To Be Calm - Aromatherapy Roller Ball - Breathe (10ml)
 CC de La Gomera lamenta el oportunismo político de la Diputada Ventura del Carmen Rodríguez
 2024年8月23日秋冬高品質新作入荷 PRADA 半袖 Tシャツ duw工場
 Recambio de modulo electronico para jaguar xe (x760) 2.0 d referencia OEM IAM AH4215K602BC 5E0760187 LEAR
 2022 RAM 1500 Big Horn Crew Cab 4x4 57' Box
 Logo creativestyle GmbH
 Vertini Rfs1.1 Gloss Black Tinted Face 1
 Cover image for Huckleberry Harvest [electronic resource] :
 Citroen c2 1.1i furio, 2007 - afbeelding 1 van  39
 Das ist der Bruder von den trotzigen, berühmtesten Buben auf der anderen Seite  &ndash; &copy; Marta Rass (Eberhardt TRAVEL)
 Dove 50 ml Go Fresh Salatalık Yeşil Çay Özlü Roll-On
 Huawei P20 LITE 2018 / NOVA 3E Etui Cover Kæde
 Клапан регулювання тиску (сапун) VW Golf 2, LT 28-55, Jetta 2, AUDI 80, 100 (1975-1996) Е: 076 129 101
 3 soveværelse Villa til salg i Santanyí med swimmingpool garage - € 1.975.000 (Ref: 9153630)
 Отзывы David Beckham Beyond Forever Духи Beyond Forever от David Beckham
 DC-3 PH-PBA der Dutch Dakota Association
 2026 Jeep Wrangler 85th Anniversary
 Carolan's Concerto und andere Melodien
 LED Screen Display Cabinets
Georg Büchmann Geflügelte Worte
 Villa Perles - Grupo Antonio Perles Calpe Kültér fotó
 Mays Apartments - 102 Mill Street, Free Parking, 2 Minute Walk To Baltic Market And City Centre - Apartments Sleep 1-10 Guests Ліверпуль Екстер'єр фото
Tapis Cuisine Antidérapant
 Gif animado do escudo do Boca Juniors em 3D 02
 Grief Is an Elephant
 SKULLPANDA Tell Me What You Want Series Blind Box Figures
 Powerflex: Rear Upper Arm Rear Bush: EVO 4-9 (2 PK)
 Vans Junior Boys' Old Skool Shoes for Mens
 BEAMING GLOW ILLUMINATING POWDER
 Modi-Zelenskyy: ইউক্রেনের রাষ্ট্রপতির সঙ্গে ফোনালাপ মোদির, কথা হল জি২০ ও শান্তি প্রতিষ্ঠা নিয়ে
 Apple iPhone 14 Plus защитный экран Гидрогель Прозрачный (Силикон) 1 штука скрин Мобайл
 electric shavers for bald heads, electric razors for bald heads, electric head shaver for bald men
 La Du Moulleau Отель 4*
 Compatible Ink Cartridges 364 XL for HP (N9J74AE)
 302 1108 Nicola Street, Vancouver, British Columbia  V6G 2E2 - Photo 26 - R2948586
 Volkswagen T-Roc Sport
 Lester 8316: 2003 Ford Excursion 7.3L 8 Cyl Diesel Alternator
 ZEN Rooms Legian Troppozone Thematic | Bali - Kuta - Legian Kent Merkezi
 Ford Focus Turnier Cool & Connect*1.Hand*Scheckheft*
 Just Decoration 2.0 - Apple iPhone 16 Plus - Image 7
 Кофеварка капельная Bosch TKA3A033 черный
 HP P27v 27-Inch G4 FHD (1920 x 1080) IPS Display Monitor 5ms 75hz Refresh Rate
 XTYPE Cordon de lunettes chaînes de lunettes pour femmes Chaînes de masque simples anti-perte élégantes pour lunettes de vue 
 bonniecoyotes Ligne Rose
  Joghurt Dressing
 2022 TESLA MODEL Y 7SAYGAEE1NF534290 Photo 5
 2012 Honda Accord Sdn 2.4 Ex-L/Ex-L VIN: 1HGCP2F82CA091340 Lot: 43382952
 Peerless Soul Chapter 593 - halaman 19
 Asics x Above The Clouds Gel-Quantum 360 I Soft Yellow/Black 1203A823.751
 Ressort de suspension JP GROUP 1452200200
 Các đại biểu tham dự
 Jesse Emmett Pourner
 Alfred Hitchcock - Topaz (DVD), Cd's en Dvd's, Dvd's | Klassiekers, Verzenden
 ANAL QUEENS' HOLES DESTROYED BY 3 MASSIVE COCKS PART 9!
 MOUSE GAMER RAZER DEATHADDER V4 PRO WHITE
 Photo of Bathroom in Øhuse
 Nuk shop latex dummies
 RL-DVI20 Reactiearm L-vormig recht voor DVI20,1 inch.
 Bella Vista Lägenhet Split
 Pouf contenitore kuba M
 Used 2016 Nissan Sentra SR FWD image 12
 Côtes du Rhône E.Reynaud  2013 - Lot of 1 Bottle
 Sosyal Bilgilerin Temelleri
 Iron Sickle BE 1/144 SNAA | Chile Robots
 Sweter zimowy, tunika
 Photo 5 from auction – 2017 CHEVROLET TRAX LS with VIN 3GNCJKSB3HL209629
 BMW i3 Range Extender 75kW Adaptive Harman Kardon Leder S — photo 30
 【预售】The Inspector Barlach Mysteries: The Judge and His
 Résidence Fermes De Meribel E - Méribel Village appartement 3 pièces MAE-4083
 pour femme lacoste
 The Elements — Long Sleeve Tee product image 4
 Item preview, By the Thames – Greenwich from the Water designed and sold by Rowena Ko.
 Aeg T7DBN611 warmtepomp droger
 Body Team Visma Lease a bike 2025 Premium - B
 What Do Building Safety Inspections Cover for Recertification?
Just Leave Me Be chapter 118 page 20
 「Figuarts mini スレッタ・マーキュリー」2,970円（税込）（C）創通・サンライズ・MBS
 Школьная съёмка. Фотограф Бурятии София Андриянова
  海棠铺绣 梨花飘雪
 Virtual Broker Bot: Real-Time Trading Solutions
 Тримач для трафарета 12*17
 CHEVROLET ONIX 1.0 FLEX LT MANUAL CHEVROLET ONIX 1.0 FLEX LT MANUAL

WORK ORDER: Using the records above, filter out every line that lacks the string "CHEVROLET" and copy the rest.

TASK ANSWER:
 Photo 5 from auction – 2017 CHEVROLET TRAX LS with VIN 3GNCJKSB3HL209629
 CHEVROLET ONIX 1.0 FLEX LT MANUAL CHEVROLET ONIX 1.0 FLEX LT MANUAL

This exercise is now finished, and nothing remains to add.